* Work request *
In your copy, include every entry exactly as written but no pictures.

BEGIN Material for the task

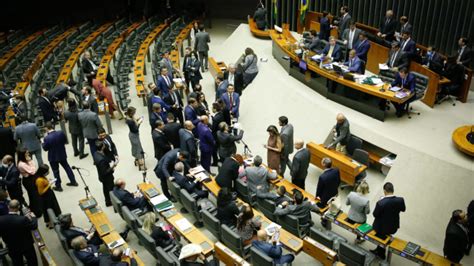 Saiba quais são as atribuições de um deputado federal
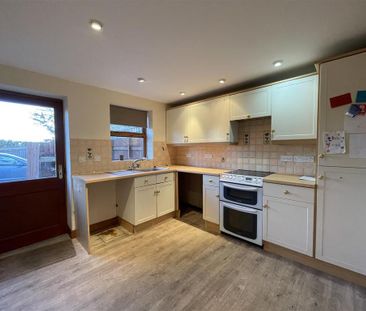 3 bedroom semi-detached house to rent - Photo 4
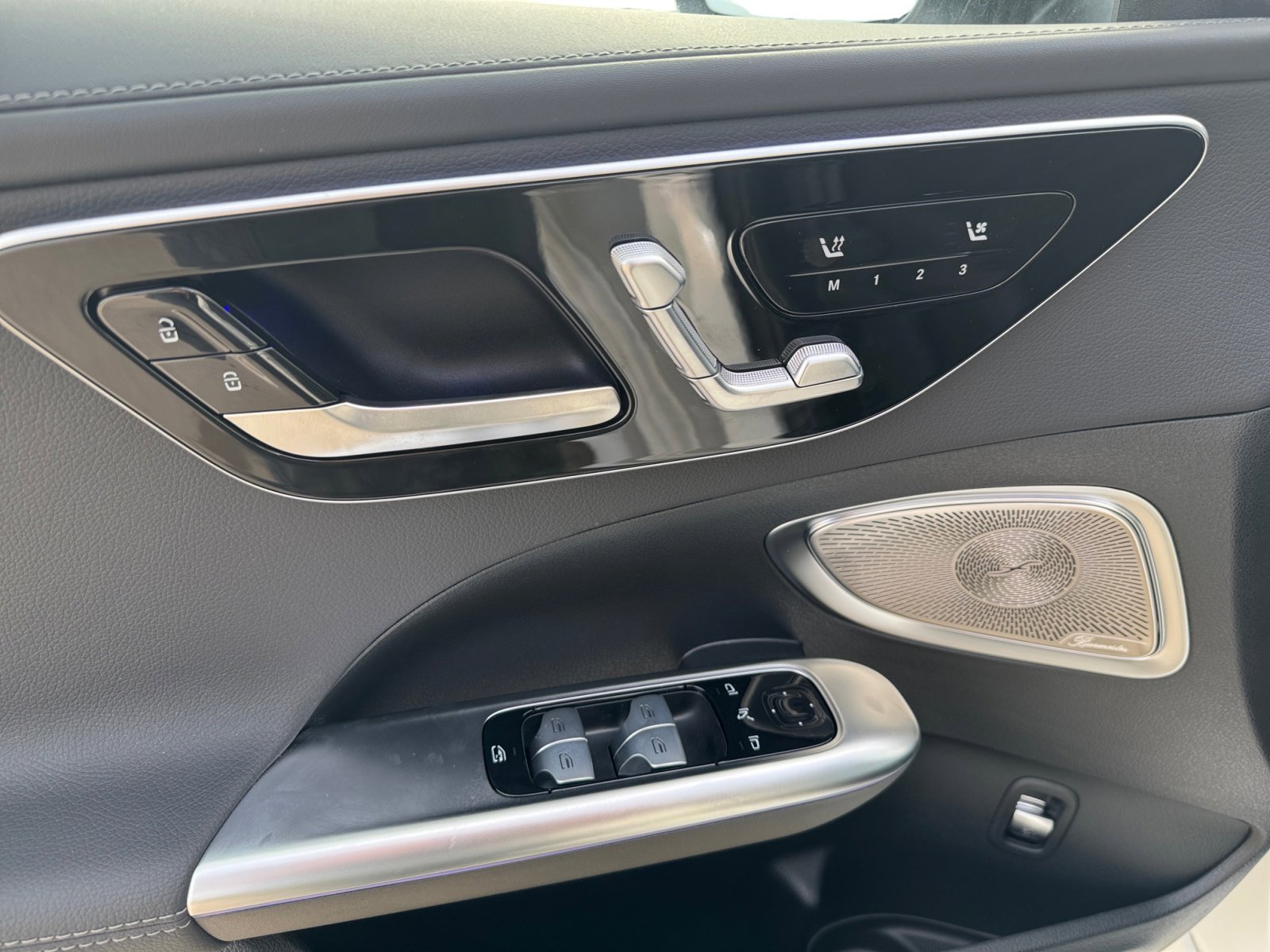 2025 Mercedes Benz C 300 4MATIC Sedan photo 18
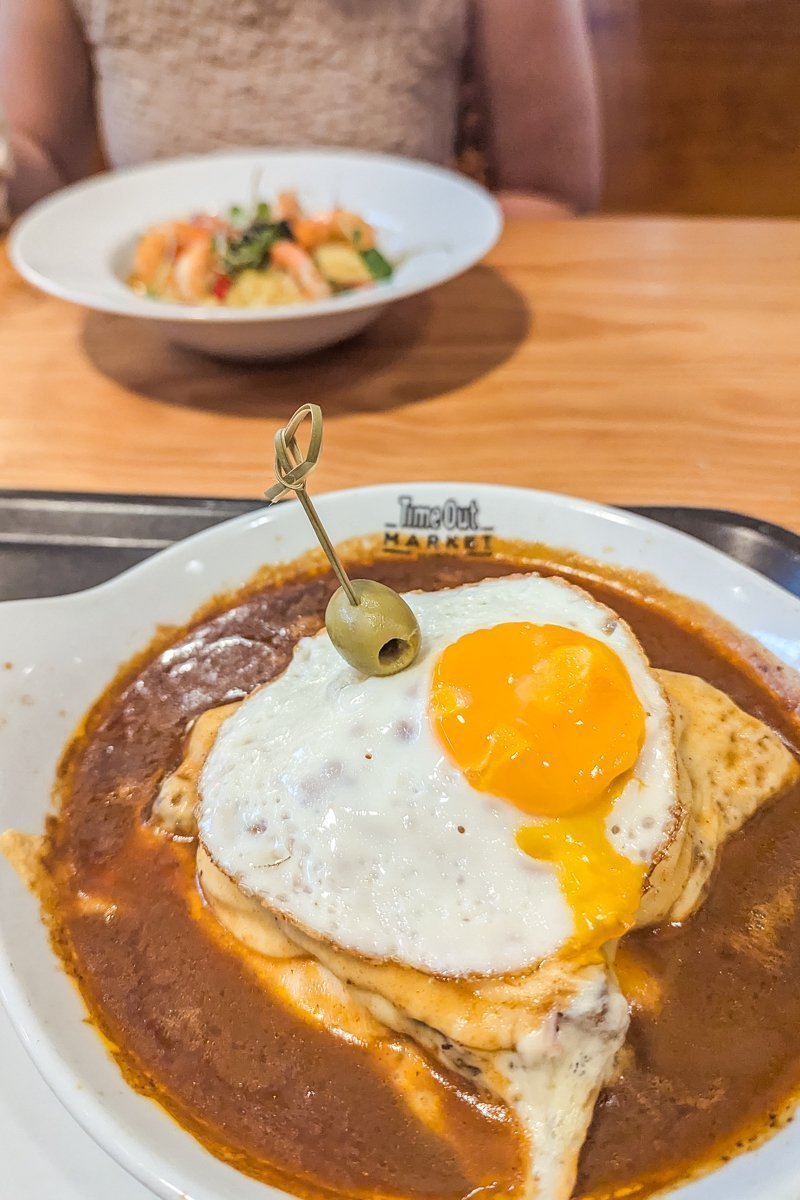 Spécialité culinaire : francesinha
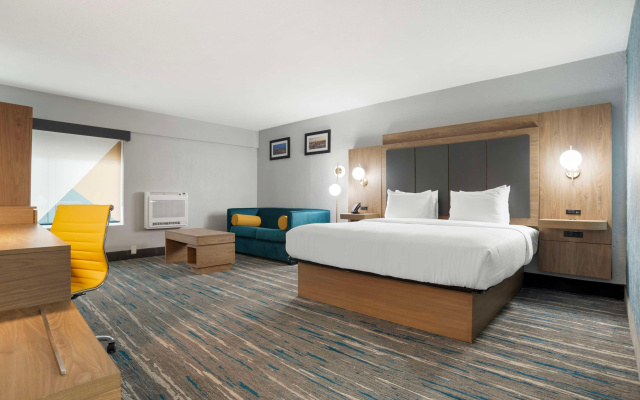 Best Western Plus Mobile Inn & Suites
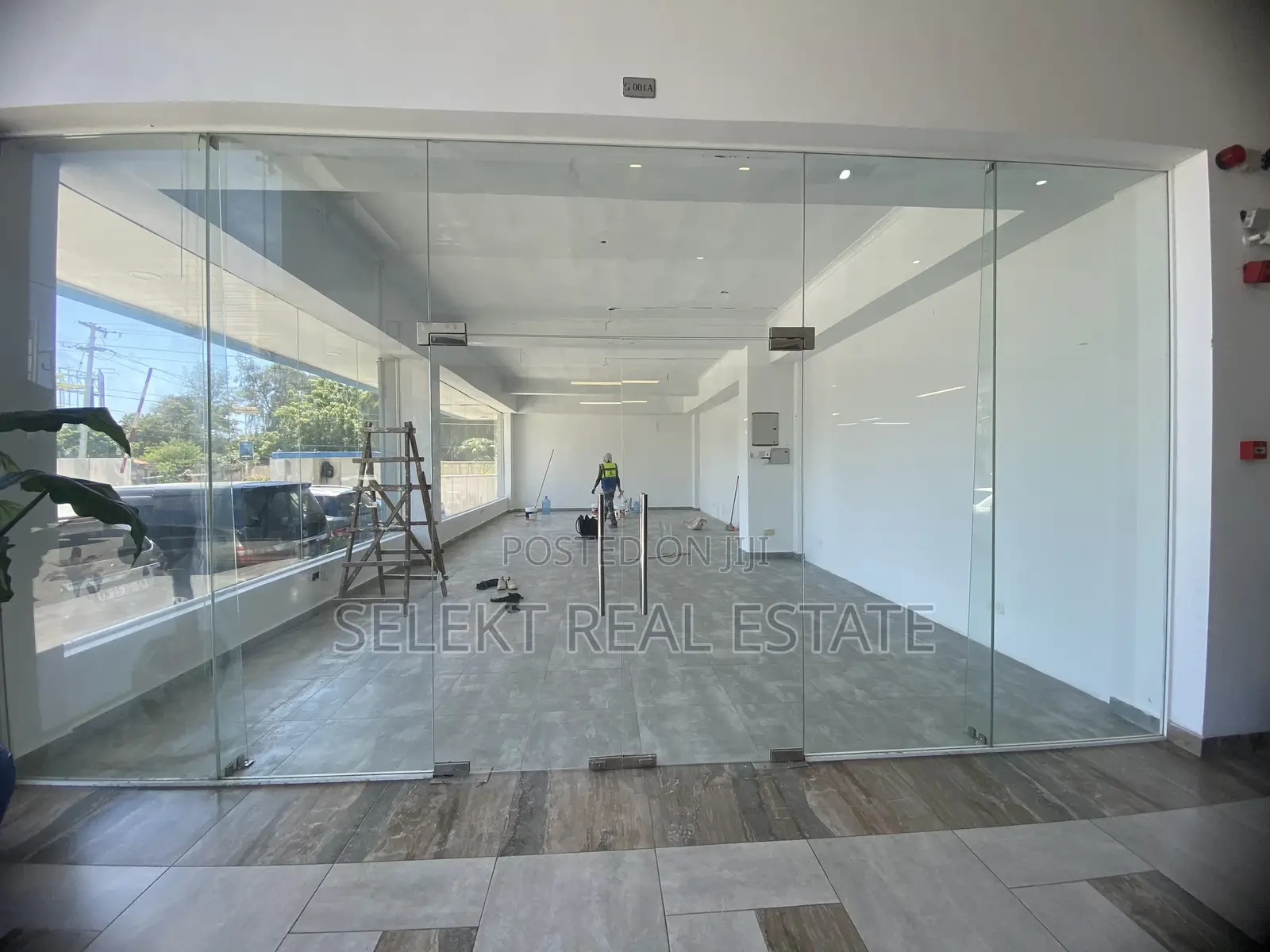 (80,160 and 240)Sqm Showroom/Commercial Space in Oysterbay in Kinondoni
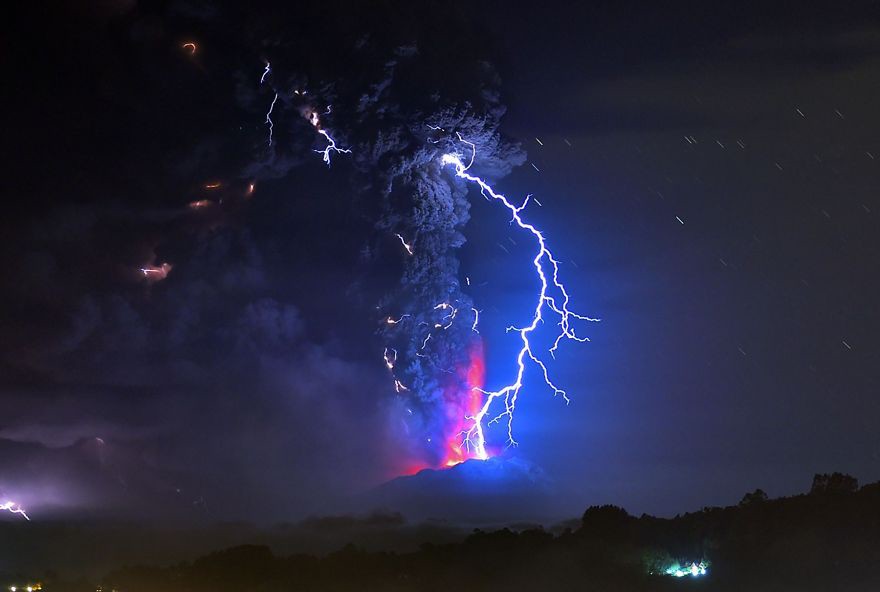 20 впечатляющих фотографий извержения вулкана Кальбуко в Чили Кальбуко, вулкан, извержение, чили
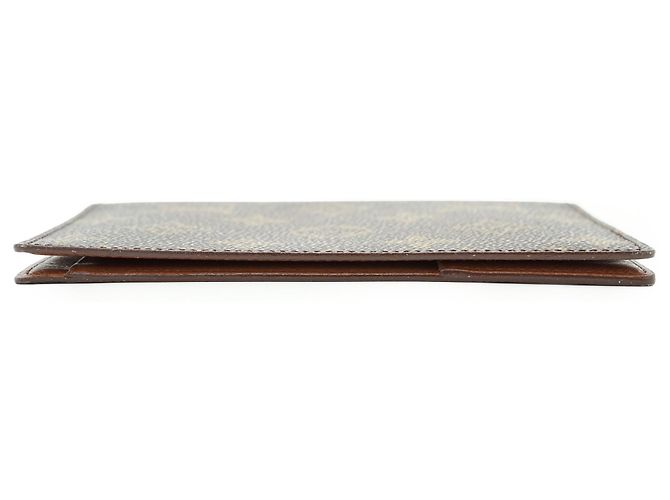 Louis Vuitton Capa de Passaporte Monogram Couverture - vista 4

END Material for the task

* The answer *
 Saiba quais são as atribuições de um deputado federal
 3 bedroom semi-detached house to rent - Photo 4
 2025 Mercedes Benz C 300 4MATIC Sedan photo 18
 Spécialité culinaire : francesinha
 Best Western Plus Mobile Inn & Suites
 (80,160 and 240)Sqm Showroom/Commercial Space in Oysterbay in Kinondoni
 20 впечатляющих фотографий извержения вулкана Кальбуко в Чили Кальбуко, вулкан, извержение, чили
 Louis Vuitton Capa de Passaporte Monogram Couverture - vista 4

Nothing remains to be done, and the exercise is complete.